En quoi donc, madame ? Quelle finesse entendez-vous à ce que je dis ?

Silvia.

Moi, j’y entends finesse ! moi, je vous querelle pour lui ! j’ai bonne opinion de lui ! Vous me manquez de respect jusque-là ! Bonne opinion, juste ciel ! bonne opinion ! Que faut-il que je réponde à cela ? Qu’est-ce que cela veut dire ? À qui parlez-vous ? Qui est-ce qui est à l’abri de ce qui m’arrive ? Où en sommes-nous ?

Lisette.

Je n’en sais rien ; mais je ne reviendrai de longtemps de la surprise où vous me jetez.

Silvia.

Elle a des façons de parler qui me mettent hors de moi. Retirez-vous, vous m’êtes insupportable ; laissez-moi ; je prendrai d’autres mesures.



Scène VIII

SILVIA, seule.

Je frissonne encore de ce que je lui ai entendu dire. Avec quelle impudence les domestiques ne nous traitent-ils pas dans leur esprit ! Comme ces gens-là vous dégradent ! Je ne saurais m’en remettre ; je n’oserais songer aux termes dont elle s’est servie, ils me font toujours peur.
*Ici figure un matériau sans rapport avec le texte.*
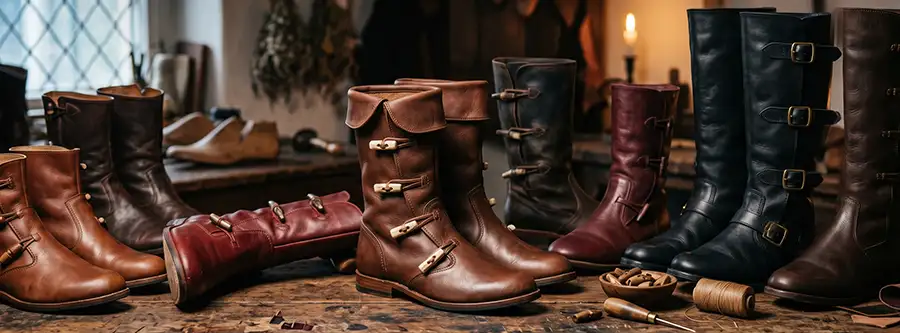 Mittelalter Stiefel für Damen und Herren| Drachenhort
Il s’agit d’un valet ! Ah ! l’étrange chose ! Écartons l’idée dont cette insolente est venue me noircir l’imagination. Voici Bourguignon, voilà cet objet en question pour lequel je m’emporte ; mais ce n’est pas sa faute, le pauvre garçon ! et je ne dois pas m’en prendre à lui.